It doesn’t mean you and I can’t speculate, however. I appreciate a guy who thinks about the downside risk. If you put yourself in Elway’s shoes and thought only about your own self-preservation (again, which I’m convinced he’s not), you’d figure you’d probably have four years to turn the organization around, maybe five, since you are John Elway after all. You’d be sure to do the following:
- Have a scapegoat handy if the Broncos crater in your first two seasons (Josh McDaniels, Kyle Orton, and Tim Tebow - check)
- Have a scapegoat for a third-year collapse (Brian Xanders - check)
- Have a scapegoat ready for if the Broncos stink in your fourth season (John Fox - check)
In year five you’d be on your own, but at that point, everyone—even Pat Bowlen—would be putting the screws to you. You’d be so desperate, you’d probably hire back Mike Shanahan.

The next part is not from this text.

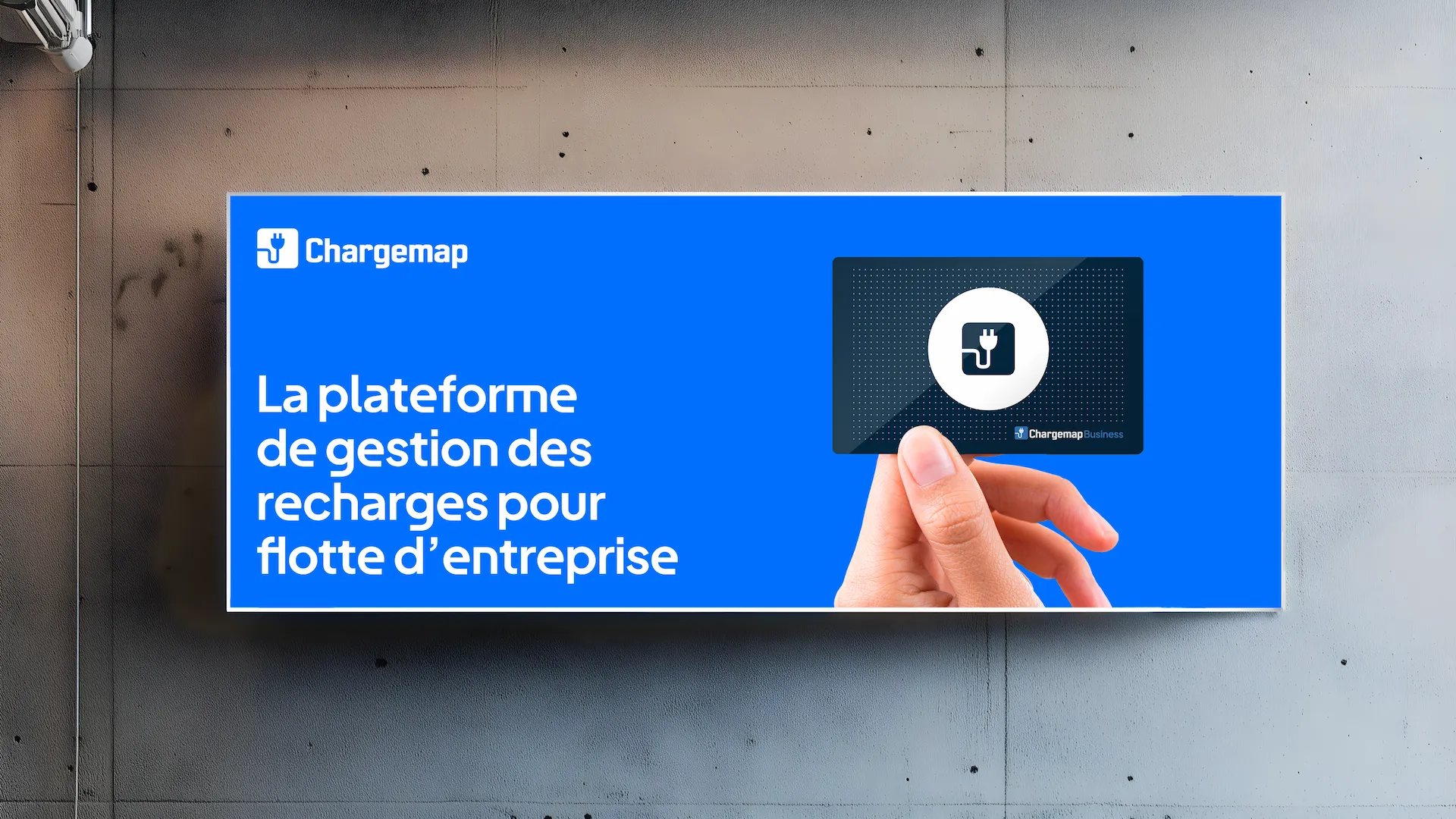 Chargemap Business billboard on concrete wall with charging card in hand.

What you wouldn’t do would be to fire Brian Xanders immediately or get in Tim Tebow’s way. Just in case things go bad, they would be useful sacrificial pawns for a rabid fan base. The wise courtier always knows that it’s better to talk change than make change too early in the process. That way, you can later paint yourself as the winds of change.
Did I mention that I don’t think Elway came in with this mindset?
TJ Johnson can be reached through telegraph, ESP, Spanish interpretor, or via email: firstname.lastname@example.org. Follow him on Facebook and Twitter if you want to see him mock "the man." He assumes you are following It’s All Over Fat Man on Facebook and Twitter, but if you are not, that’s nihilistic, man.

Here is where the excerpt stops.